The Art of Making Satellites Fly Faster: A Deep Dive into Zig's SIMD Capabilities for SGP4 Propagation

A developer has created the fastest general-purpose SGP4 satellite propagation library, achieving 11-13 million propagations per second in native Zig and 7 million per second through Python bindings, all without a GPU. This article explores the technical journey, from leveraging Zig's comptime and SIMD features to solving the unique challenges of vectorizing a complex algorithm, revealing how thoughtful language design can unlock performance in unexpected domains.

The quest for computational speed often leads developers to GPUs, specialized hardware, or complex distributed systems. Yet, sometimes the most profound gains come from a deeper understanding of a single CPU's capabilities and the language that orchestrates them. This is the story of astroz, a new SGP4 satellite propagation library that achieves 11-13 million propagations per second in native Zig and 7 million per second through Python bindings, all on a standard CPU. It's a case study in how modern language features—specifically Zig's comptime and first-class SIMD support—can be harnessed to breathe new life into decades-old algorithms.

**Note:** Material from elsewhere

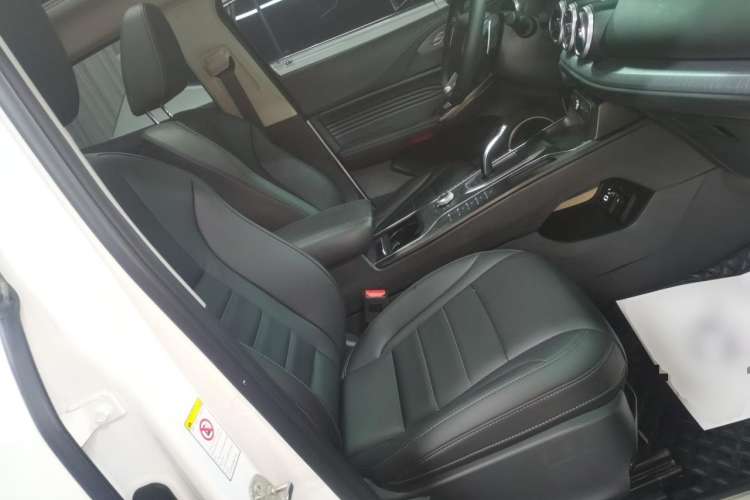 Used Wey VV5 2021 1.5T Two-Wheel Drive Color Pioneer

SGP4, the Standardized General Perturbation 4 algorithm, is the workhorse for predicting satellite positions from Two-Line Element (TLE) data. It's been the standard since the 1980s, and most implementations are straightforward ports of the original reference code. They work, but "fine" becomes a bottleneck when workloads scale. Generating a month of ephemeris data at one-second intervals requires 2.6 million propagations per satellite. Pass prediction over a ground station network or conjunction screening for trajectory analysis demands similar density. At typical speeds of 2-3 million propagations per second, these tasks take seconds per satellite—a delay that compounds quickly in iterative analysis or interactive tools.

The author's journey began not with SIMD, but with a scalar implementation that already outperformed expectations. The Rust sgp4 crate, a respected open-source implementation, was matched or slightly beaten by a straightforward Zig port. This initial speed wasn't from clever micro-optimizations but from two design choices that aligned perfectly with modern CPU architecture and Zig's compilation model.

First, the hot paths were written branchlessly where possible. The SGP4 algorithm is riddled with conditionals: deep space versus near-earth models, different perturbation calculations, and convergence checks in the Kepler solver. Writing these as branchless expressions initially made the code easier to reason about. It was a happy accident that this also gave CPUs predictable instruction streams, minimizing costly branch mispredictions.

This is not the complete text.